Happy New Year, bookworms! For the 1st Lit Club of 2017, we bring you another list of recommendations and reviews, many finding themselves in the sci-fi and/or fantasy genre. Happy reading!
RECOMMENDATIONS
Brush of the Gods by Lenore Look
Who wants to learn calligraphy when your brush is meant for so much more? Wu Daozi (689-758), known as China's greatest painter and alive during the T'ang Dynasty, is the subject of this stunning picture book. When an old monk attempts to teach young Daozi about the ancient art of calligraphy, his brush doesn't want to cooperate. Instead of characters, Daozi's brush drips dancing peonies and flying Buddhas! Soon others are admiring his unbelievable creations on walls around the city, and one day his art comes to life!

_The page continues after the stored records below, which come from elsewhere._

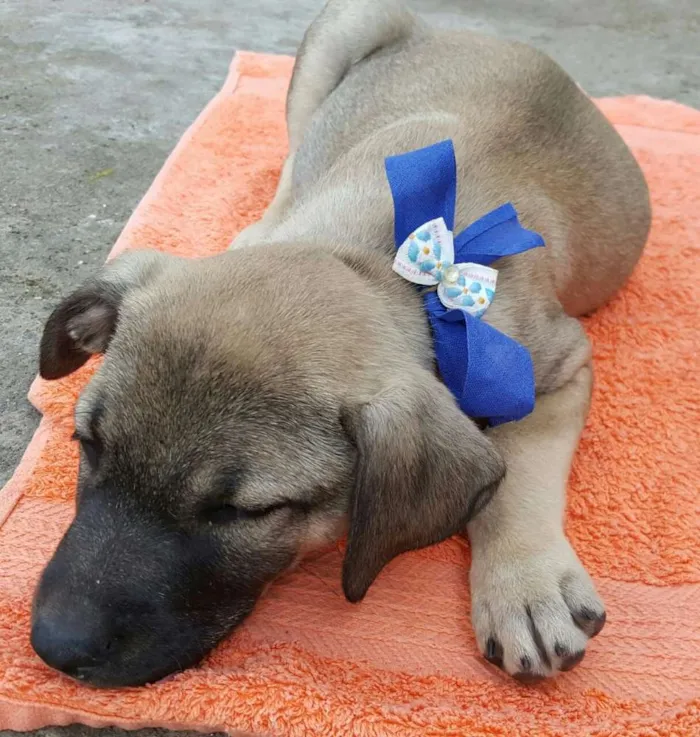 Cachorro ra a SRD idade 2 a 6 meses nome EROS 
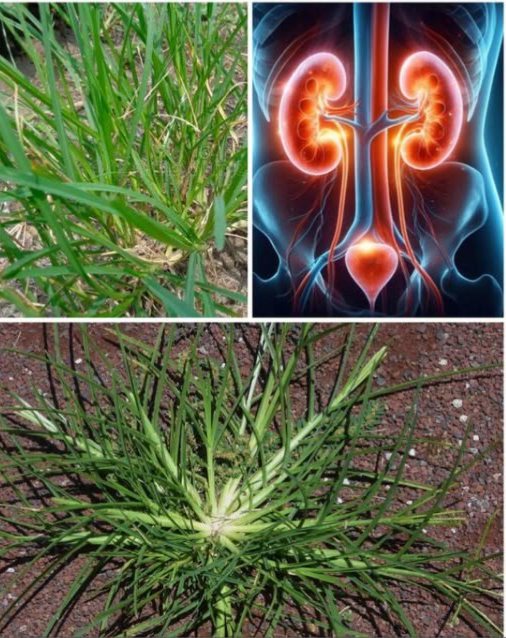 Qué es el Goose Grass?  
Es una planta frecuentemente considerada como maleza, pero posee poderosas propiedades curativas. Se encuentra en numerosos jardines y ha sido utilizada tradicionalmente como infusión medicinal.  
 Beneficios principales para la salud  
 Prevención del cáncer  
Su alto contenido en antioxidantes combate los radicales libres, ayudando a disminuir el riesgo de desarrollar cáncer.  
 Quistes ováricos y fibromas  
Debido a sus propiedades antiinflamatorias, alivia el dolor y la inflamación asociados con estos trastornos ginecológicos.  
 Apoyo a enfermedades renales  
Funciona como un diurético natural, eliminando el exceso de agua y sal, lo que es útil para quienes enfrentan problemas renales.  
喝 Control de la diabetes  
Sus propiedades antidiabéticas ayudan a regular los niveles de azúcar en sangre.  
啕 Heridas y hemorragias  
Al aplicar una pasta de sus hojas trituradas sobre la herida, se acelera la cicatrización y se detiene el sangrado.  
裂 Combate de parásitos  
Su leve efecto laxante ayuda a expulsar parásitos intestinales y mejora la salud digestiva.  
 Recuperación de la neumonía  
Un té elaborado con sus raíces puede aliviar los síntomas de la neumonía en pocos días.  
 Presión arterial alta  
Su efecto tranquilizante sobre el sistema cardiovascular puede contribuir a mantener una presión estable.  
 Reducción de la fiebre  
Hervir sus raíces y beber el té ayuda a bajar la fiebre.  
例 Esguinces de ligamentos  
Aplicar una cataplasma de hojas machacadas ayuda a reducir el dolor y la inflamación en caso de esguinces.  
離 Cómo preparar y usar  
Para consumo interno:  
Té medicinal: Usa un puñado de hojas o raíces por medio litro de agua. Hervir durante 3 minutos. Toma 1 vaso al día para: Diabetes, presión alta, fiebre, enfermedades renales, neumonía.   
Para uso externo:  
Pasta o cataplasma: Tritura hojas frescas y aplica directamente en: Heridas, sangrados, esguinces.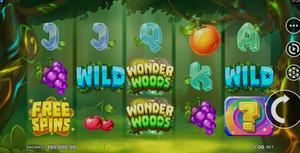 Wonder Woods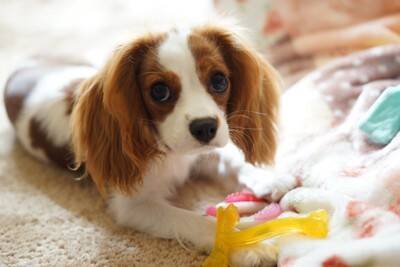 『温厚な性格』の犬種5選　おとなしくて飼いやすいと言われている理由や注意点まで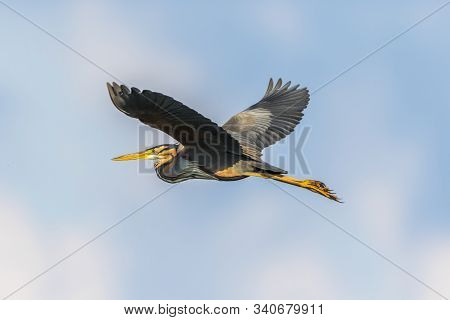 Purple Heron (ardea Purpurea)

Little has been written about Daozi, but Look and So masterfully introduce the artist to children. — Amazon
Genre: Picture book
Blackbird Fly by Erin Entrada Kelly
Apple has always felt a little different from her classmates. She and her mother moved to Louisiana from the Philippines when she was little, and her mother still cooks Filipino foods, makes mistakes with her English, and chastises Apple for becoming “too American.” It becomes unbearable in middle school, when the boys—the stupid, stupid boys—in Apple’s class put her name on the Dog Log, the list of the most unpopular girls in school. When Apple’s friends turn on her and everything about her life starts to seem weird and embarrassing, Apple turns to music. If she can just save enough to buy a guitar and learn to play, maybe she can change herself. It might be the music that saves her . . . or it might be her two new friends, who show how special she really is. — Goodreads
Genre: Fiction
Niobe: She is Life (NIOBE: She is Life #1) by Amandla Stenberg
“What becomes of the child who has lost her spirit?”
Genre: Comic
Even this Page is White by Vivek Shraya
Vivek's debut collection of poetry is a bold and timely interrogation of skin: its origins, functions, and limitations. Poems that range in style from starkly concrete to limber break down the barriers that prevent understanding of what it means to be racialized. Shraya paints the face of everyday racism with words, rendering it visible, tangible, and undeniable. — Goodreads
Genre: Poetry
REVIEWS
Never Let Me Go by Kazuo Ishiguro
Cia’s rating - ⅘ stars
Half-World by Hiromi Goto
When reading the book, I immediately thought of Studio Ghibli’s Spirited Away, for its use of magic, creatures and female protagonist. As someone who only discovered the studio midway through 2016, I was ecstatic to find this comparison. Goto’s writing is not my favorite, but the story is definitely original. Although the setting and plot was vivid and enthralling, I felt as if the characters lacked depth. Whilst I did like that she was not only a Japanese girl, written by a Japanese woman, but also seen as realistically average instead of along the lines of the Plain Jane trope. With such a vibrant setting, it would have been nice to also have characters who were fleshed out, and I felt especially Melanie felt like a cardboard cutout for any girl in a fantasy world. There wasn't anything she brought to the table that was new or interesting, as well as all the other characters. But Goto’s description of the creatures of Half World are fantastic. A lot of the writing of the characters fell flat to me, but the monsters were vivid—they were grotesque and varying in shape, size and smell, some even revealed development, to my surprise, which was what I would have liked to see in Melanie herself.
I would recommend this novel for those who are Hayao Miyazaki fanatics, but can withstand a few flat characters.